For this exercise, repeat exactly the lines below starting at the line holding "women's sweater : Pull" and ending at the line holding "Boys white/blue/red button", both included, with no extra lines and no pictures.

• Source records:
====================

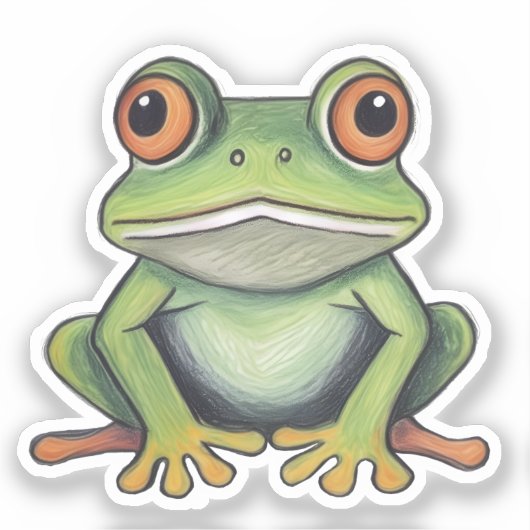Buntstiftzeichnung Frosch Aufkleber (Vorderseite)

====================

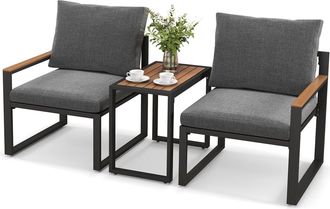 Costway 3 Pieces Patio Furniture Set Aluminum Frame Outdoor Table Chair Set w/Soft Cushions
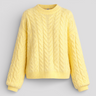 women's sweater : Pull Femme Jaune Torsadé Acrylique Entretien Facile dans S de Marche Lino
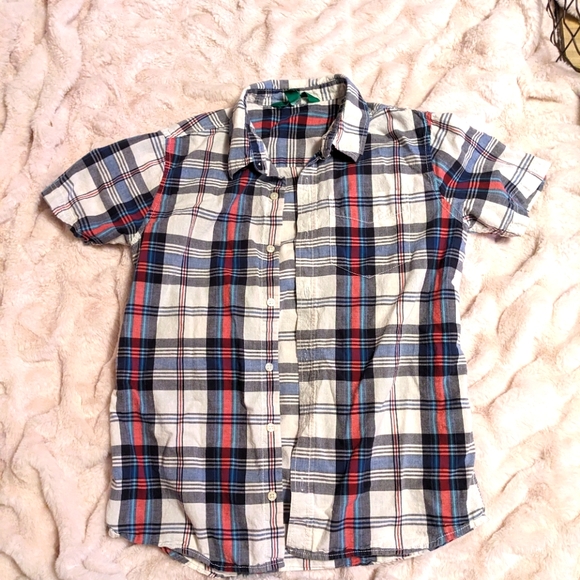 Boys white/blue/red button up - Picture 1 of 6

====================

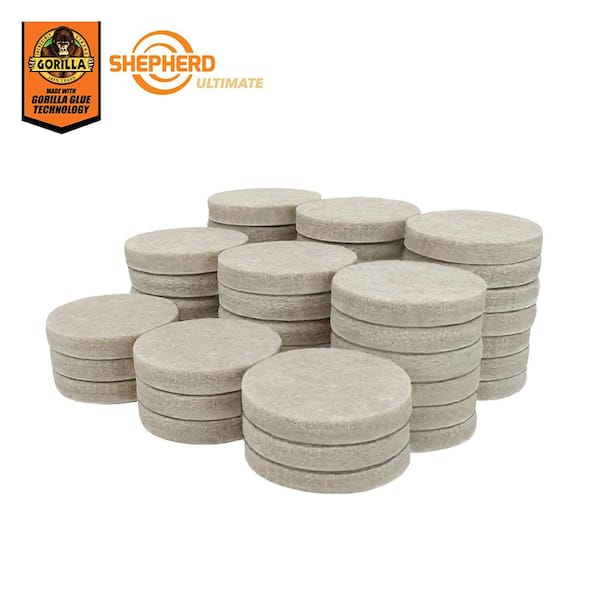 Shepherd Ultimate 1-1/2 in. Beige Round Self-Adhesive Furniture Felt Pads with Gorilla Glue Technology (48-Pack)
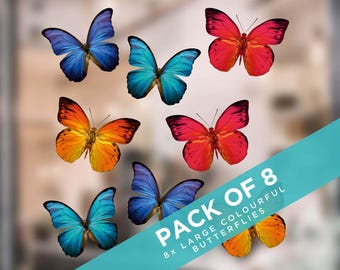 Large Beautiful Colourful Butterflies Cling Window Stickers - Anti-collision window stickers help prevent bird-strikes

====================

• Response for this exercise:
 women's sweater : Pull Femme Jaune Torsadé Acrylique Entretien Facile dans S de Marche Lino
 Boys white/blue/red button up - Picture 1 of 6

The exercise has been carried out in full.